*** Opening Information shown ***

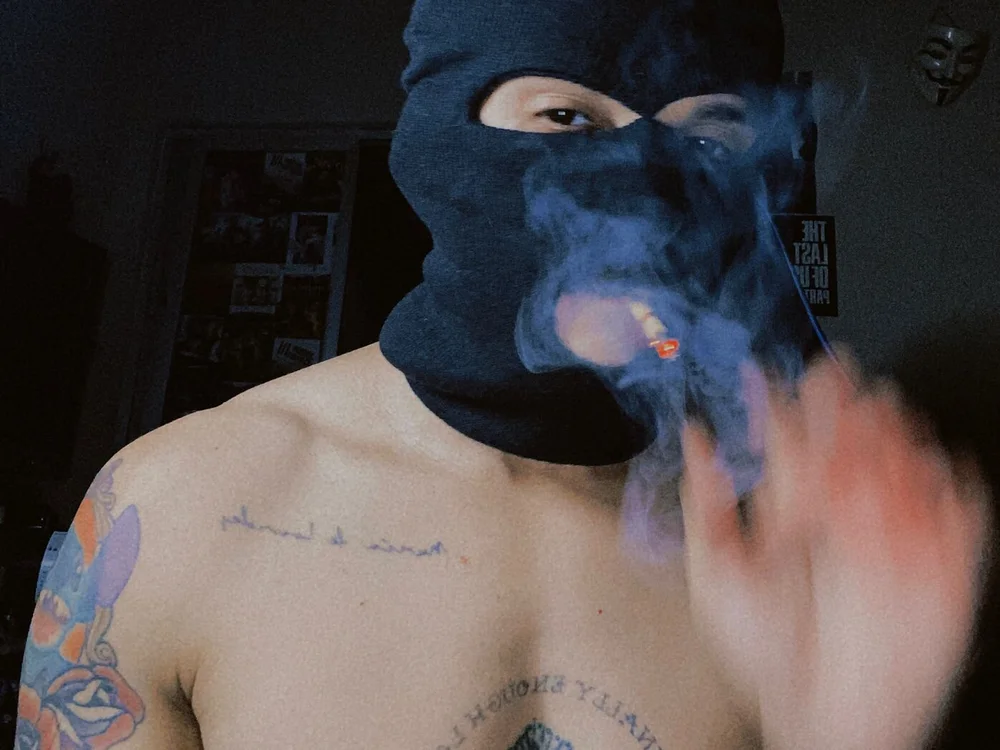 gaymer4i20's Offline XXX Chat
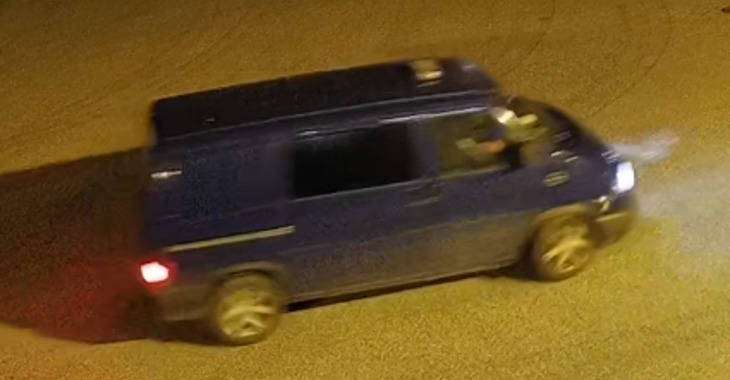 Poliisi pyytää tietoja sinisestä pakettiautosta Turun seudulla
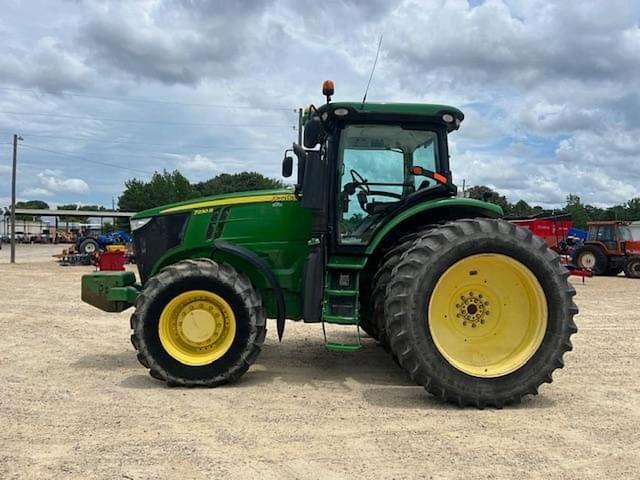 Image of John Deere 7230R equipment image 2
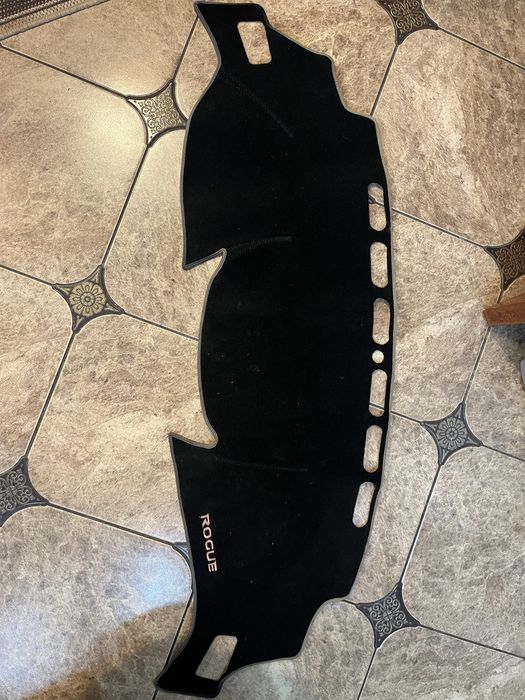 Накидка на панель Nisan Rogue sport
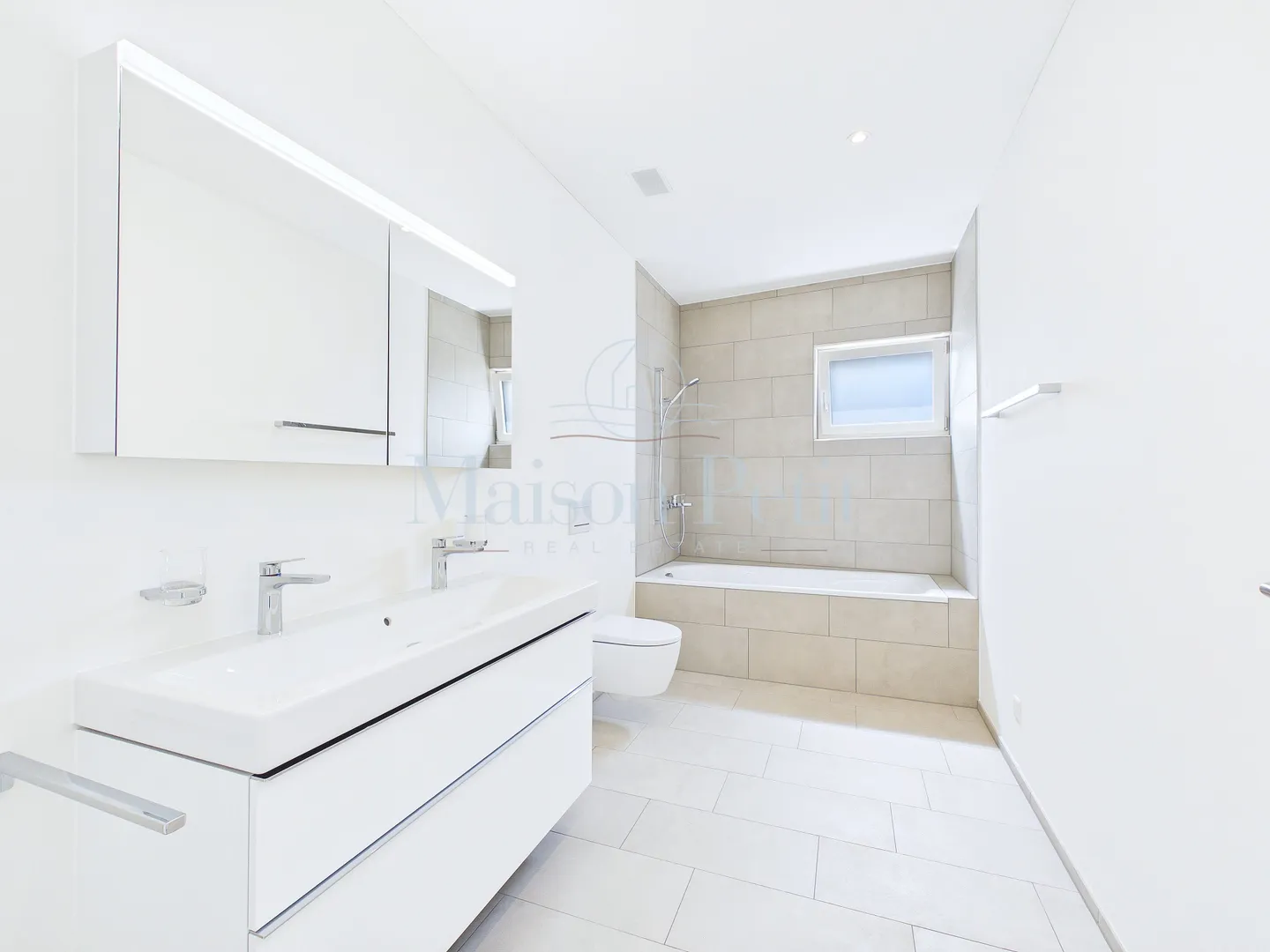 Perfect for Families: Scenic Views, Space, and Low Utility Costs - Move in Without Construction Stress. - Photo 10 of 13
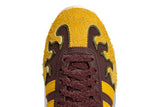 Vista frontal do Adidas Adidas Japan Brain Dead Brown Hazel Yellow mostrando biqueira e costuras
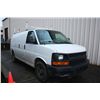 Image 2 : 2007 WHITE CHEVROLET EXPRESS CARGO VAN 82,055KM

*** Closing Information shown ***

§ What you have to do: What's needed is an exact copy of every entry, minus the pictures.

§ Exercise answer:
 gaymer4i20's Offline XXX Chat
 Poliisi pyytää tietoja sinisestä pakettiautosta Turun seudulla
 Image of John Deere 7230R equipment image 2
 Накидка на панель Nisan Rogue sport
 Perfect for Families: Scenic Views, Space, and Low Utility Costs - Move in Without Construction Stress. - Photo 10 of 13
 Vista frontal do Adidas Adidas Japan Brain Dead Brown Hazel Yellow mostrando biqueira e costuras
 Image 2 : 2007 WHITE CHEVROLET EXPRESS CARGO VAN 82,055KM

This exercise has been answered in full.